# Any California Bike Swaps Coming Soon?



## Callahooney1 (Jul 31, 2019)

Just wondering if anyone has any information on any future bike swaps in California within the next few months? Aware of the Long Beach cycle swap, but would like to attend any other bicycle swaps in California. Southwest Airlines is offering one-way flights to areas un California for $79. Figured it might be worth cruising out for a long weekend to check out a bike swap.


----------



## fordmike65 (Jul 31, 2019)

Planning one in Monrovia the 18th of this month. Cyclone Coasters is always worth it. I believe the next one is in November. @JAF/CO's swap should be coming up in the next month or 2...


----------



## slick (Jul 31, 2019)

September 28th is Jim's swap in Stockton. On September 29th is a vintage bicycle ride in Davis. November 6th is the Cyclone Coaster swap in Long Beach that morning followed by a ride a few hours after.


----------



## Autocycleplane (Jul 31, 2019)

slick said:


> September 28th is Jim's swap in Stockton. On September 29th is a vintage bicycle ride in Davis. November 6th is the Cyclone Coaster swap in Long Beach that morning followed by a ride a few hours after.




Sunday, October 6th for Coasters? 11/06/19 is on a Wednesday.


----------



## Callahooney1 (Jul 31, 2019)

Cool, I do need to know the dates for sure So I can arrange a flight.


----------



## BFGforme (Jul 31, 2019)

I will be having another one in late September, in Oceanside last Sunday think 29th! Last one in June was quite successful and plan on having more sellers this time! Haven't officially announced it yet, but it's happening! Dave


----------



## BFGforme (Jul 31, 2019)

Autocycleplane said:


> Sunday, October 6th for Coasters? 11/06/19 is on a Wednesday.



11 is November...


----------



## fordmike65 (Jul 31, 2019)

slick said:


> September 28th is Jim's swap in Stockton. On September 29th is a vintage bicycle ride in Davis.
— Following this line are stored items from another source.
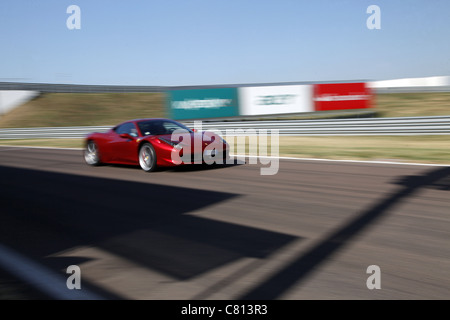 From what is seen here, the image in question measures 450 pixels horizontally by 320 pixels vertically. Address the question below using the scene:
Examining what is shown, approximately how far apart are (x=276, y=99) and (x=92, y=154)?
14398 mm

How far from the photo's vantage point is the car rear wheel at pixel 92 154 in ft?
36.6

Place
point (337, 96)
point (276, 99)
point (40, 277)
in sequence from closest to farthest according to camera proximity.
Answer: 1. point (40, 277)
2. point (337, 96)
3. point (276, 99)

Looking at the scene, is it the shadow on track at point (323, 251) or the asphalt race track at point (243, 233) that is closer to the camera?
the shadow on track at point (323, 251)

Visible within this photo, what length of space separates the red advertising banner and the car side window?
15.3 metres

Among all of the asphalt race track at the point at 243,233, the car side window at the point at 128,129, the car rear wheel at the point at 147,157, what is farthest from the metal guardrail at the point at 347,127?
the car rear wheel at the point at 147,157

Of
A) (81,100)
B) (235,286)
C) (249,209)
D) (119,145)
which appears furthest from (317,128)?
(81,100)

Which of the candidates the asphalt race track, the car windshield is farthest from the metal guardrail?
the car windshield

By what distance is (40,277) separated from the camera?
368cm

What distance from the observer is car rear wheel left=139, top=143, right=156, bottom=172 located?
30.8 ft

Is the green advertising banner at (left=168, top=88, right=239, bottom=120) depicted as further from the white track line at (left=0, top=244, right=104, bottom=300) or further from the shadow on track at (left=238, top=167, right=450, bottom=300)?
the white track line at (left=0, top=244, right=104, bottom=300)

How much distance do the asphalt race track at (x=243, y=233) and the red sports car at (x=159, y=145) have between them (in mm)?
769

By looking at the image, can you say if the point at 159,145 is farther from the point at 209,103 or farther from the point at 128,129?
the point at 209,103

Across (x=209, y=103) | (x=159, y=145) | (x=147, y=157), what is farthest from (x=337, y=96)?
(x=159, y=145)

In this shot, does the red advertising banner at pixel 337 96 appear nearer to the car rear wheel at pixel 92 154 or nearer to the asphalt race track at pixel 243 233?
the car rear wheel at pixel 92 154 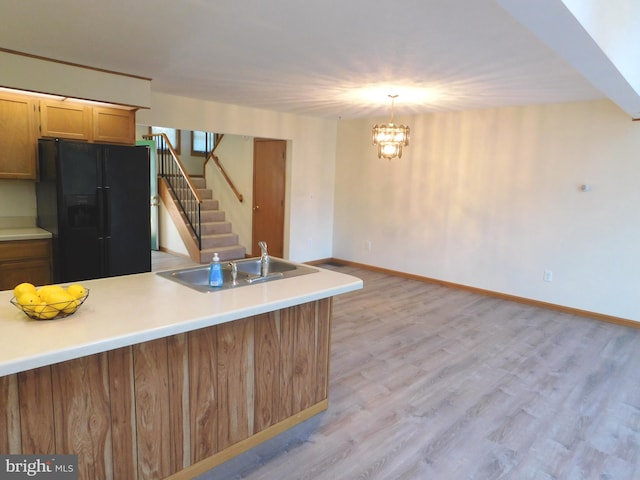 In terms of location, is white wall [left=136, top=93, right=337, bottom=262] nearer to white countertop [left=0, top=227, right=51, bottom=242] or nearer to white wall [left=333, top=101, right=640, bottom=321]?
white wall [left=333, top=101, right=640, bottom=321]

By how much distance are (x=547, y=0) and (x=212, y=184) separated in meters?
7.15

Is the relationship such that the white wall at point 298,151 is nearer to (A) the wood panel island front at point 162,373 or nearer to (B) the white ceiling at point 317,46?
(B) the white ceiling at point 317,46

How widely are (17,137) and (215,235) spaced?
12.3 feet

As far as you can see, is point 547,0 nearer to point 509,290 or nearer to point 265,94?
point 265,94

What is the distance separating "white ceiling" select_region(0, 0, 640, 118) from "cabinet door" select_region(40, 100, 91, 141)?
48cm

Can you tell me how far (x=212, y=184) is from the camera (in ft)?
26.6

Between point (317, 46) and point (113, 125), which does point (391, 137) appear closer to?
point (317, 46)

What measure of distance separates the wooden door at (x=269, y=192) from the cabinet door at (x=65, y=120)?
3.02m

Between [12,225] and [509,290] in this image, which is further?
[509,290]

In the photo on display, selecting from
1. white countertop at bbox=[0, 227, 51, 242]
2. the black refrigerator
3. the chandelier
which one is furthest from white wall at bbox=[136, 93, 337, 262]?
the chandelier

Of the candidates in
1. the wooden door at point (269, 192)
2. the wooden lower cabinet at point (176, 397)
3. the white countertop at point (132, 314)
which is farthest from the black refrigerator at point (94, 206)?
the wooden door at point (269, 192)

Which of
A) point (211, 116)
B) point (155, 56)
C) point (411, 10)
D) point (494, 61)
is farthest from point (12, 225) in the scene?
point (494, 61)

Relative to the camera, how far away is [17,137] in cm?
379

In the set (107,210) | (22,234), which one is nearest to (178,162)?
(107,210) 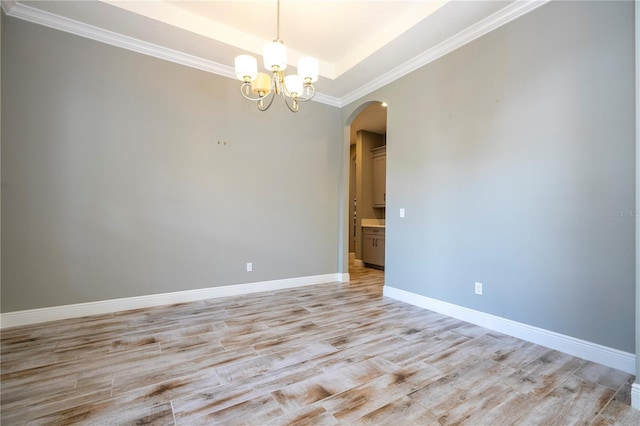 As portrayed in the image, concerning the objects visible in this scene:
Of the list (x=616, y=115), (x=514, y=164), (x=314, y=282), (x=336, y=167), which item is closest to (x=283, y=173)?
(x=336, y=167)

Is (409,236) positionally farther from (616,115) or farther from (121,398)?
(121,398)

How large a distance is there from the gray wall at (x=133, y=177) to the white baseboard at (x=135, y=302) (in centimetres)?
7

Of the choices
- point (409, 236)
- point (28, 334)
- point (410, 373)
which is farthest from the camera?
point (409, 236)

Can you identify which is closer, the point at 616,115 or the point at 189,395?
the point at 189,395

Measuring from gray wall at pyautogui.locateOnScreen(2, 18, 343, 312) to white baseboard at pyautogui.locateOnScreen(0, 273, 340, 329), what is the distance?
0.07 meters

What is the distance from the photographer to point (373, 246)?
6000 mm

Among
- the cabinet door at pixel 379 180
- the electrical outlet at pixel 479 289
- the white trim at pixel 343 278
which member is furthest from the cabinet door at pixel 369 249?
the electrical outlet at pixel 479 289

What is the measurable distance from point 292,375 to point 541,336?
214 cm

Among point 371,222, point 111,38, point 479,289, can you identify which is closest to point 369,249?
point 371,222

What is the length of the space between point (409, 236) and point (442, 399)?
2203mm

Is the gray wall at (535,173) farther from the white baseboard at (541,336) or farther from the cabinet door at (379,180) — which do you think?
the cabinet door at (379,180)

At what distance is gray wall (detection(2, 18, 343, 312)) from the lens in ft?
9.10

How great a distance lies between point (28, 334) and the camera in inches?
99.7

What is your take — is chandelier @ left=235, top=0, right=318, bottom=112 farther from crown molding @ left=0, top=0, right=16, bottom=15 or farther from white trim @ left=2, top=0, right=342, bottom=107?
crown molding @ left=0, top=0, right=16, bottom=15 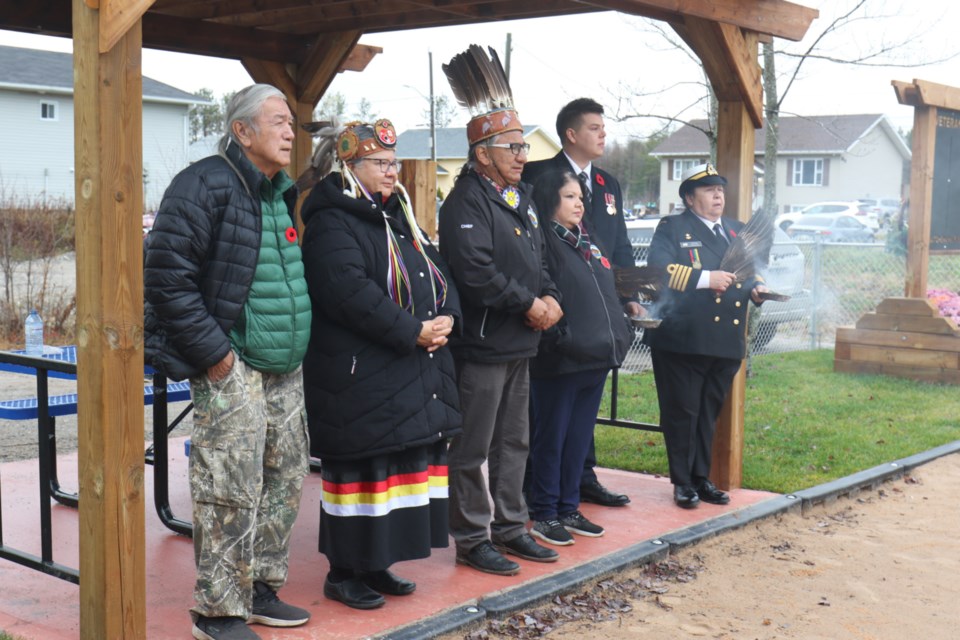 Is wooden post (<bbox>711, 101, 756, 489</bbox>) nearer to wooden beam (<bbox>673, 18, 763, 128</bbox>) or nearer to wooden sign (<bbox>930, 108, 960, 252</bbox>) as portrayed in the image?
wooden beam (<bbox>673, 18, 763, 128</bbox>)

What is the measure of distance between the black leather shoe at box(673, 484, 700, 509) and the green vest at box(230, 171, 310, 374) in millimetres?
2821

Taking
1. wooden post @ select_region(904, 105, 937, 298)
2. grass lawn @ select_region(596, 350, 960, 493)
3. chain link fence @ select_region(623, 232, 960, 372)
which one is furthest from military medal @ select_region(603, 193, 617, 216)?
wooden post @ select_region(904, 105, 937, 298)

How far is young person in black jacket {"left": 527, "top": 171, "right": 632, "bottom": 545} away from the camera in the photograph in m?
5.17

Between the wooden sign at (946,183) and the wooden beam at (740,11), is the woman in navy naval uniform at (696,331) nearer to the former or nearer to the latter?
the wooden beam at (740,11)

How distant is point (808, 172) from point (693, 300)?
53683 mm

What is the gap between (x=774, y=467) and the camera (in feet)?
22.9

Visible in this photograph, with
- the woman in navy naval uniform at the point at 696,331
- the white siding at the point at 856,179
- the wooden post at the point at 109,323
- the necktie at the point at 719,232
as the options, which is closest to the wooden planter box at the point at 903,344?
the woman in navy naval uniform at the point at 696,331

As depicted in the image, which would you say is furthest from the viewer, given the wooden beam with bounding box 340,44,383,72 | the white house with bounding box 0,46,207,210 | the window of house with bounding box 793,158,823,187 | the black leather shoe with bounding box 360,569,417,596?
the window of house with bounding box 793,158,823,187

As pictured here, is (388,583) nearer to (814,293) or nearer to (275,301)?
(275,301)

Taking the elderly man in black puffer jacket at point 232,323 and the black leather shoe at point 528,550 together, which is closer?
the elderly man in black puffer jacket at point 232,323

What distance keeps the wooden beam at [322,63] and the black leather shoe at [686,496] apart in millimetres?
3321

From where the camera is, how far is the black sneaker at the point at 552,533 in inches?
205

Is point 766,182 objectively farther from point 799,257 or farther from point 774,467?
point 774,467

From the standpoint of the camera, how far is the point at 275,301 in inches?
151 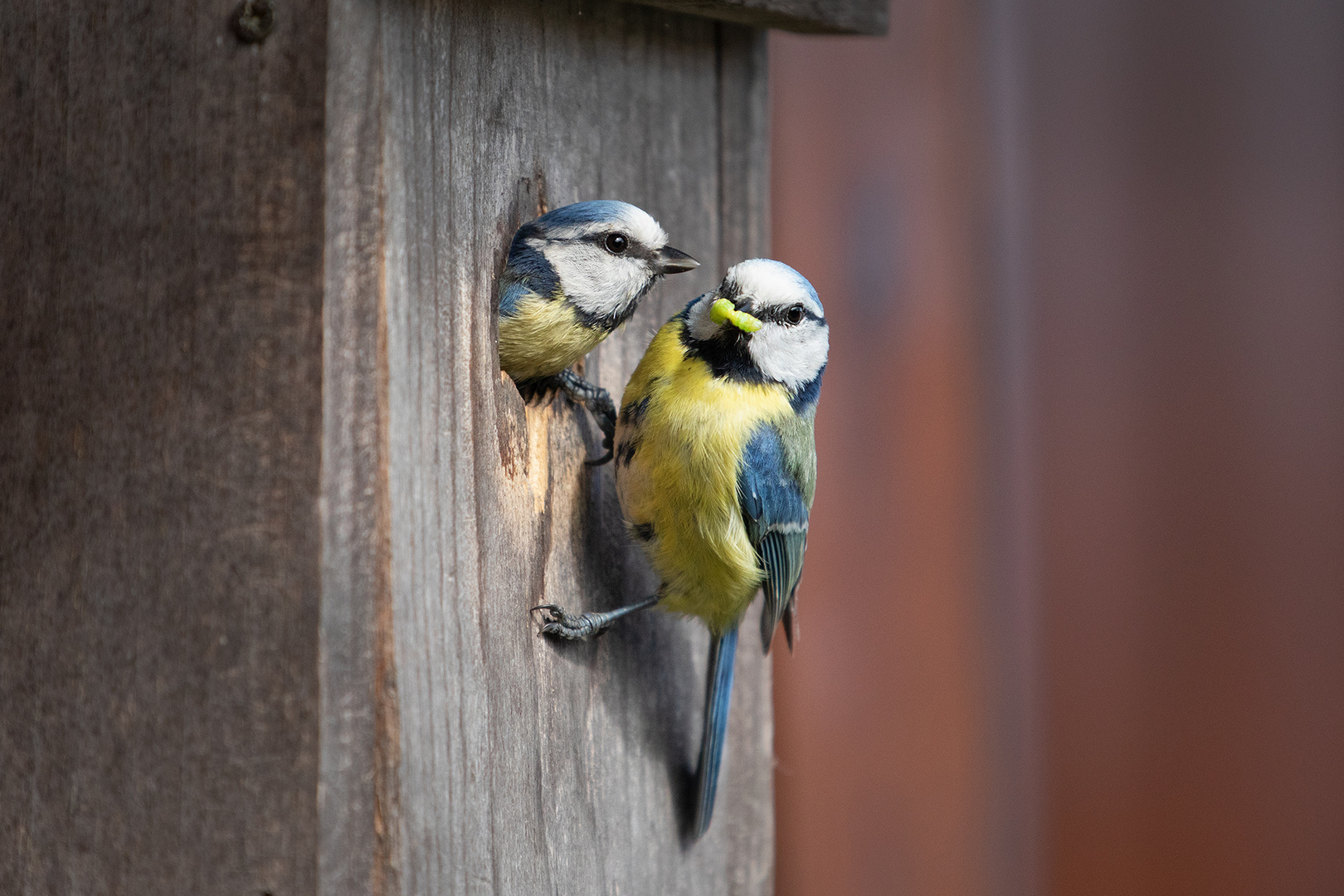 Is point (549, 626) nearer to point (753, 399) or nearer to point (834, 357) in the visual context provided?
point (753, 399)

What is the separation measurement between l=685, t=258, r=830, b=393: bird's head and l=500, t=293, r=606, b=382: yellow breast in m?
0.15

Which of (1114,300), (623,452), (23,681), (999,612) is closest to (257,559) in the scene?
(23,681)

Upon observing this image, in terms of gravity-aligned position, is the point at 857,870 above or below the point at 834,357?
below

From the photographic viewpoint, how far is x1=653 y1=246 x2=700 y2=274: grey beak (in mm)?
1462

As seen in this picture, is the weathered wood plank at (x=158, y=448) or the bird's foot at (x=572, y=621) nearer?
the weathered wood plank at (x=158, y=448)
November 6th is the Cyclone Coaster swap in Long Beach that morning followed by a ride a few hours after.





Autocycleplane said:


> Sunday, October 6th for Coasters? 11/06/19 is on a Wednesday.



Sunday Nov 3rd


----------



## Callahooney1 (Jul 31, 2019)

So, September 29 in Oceanside.  And November 3rd for Coasters, which is in Long Beach area?


----------



## cyclonecoaster.com (Jul 31, 2019)

*SUNDAY November 3rd 2019 will be the CYCLONE COASTER Vintage Bicycle FREE Swapmeet @ the PIKE Bar & Restaurant once again - Followed by the CYCLONE COASTER Vintage Bicycle Ride  *


----------



## mr.cycleplane (Aug 23, 2019)




----------



## BFGforme (Aug 26, 2019)

September 29th COME ON OVER CAFE SWAPMEET AND BIKE RIDE in Oceanside, looking like gonna be a great showiing....


----------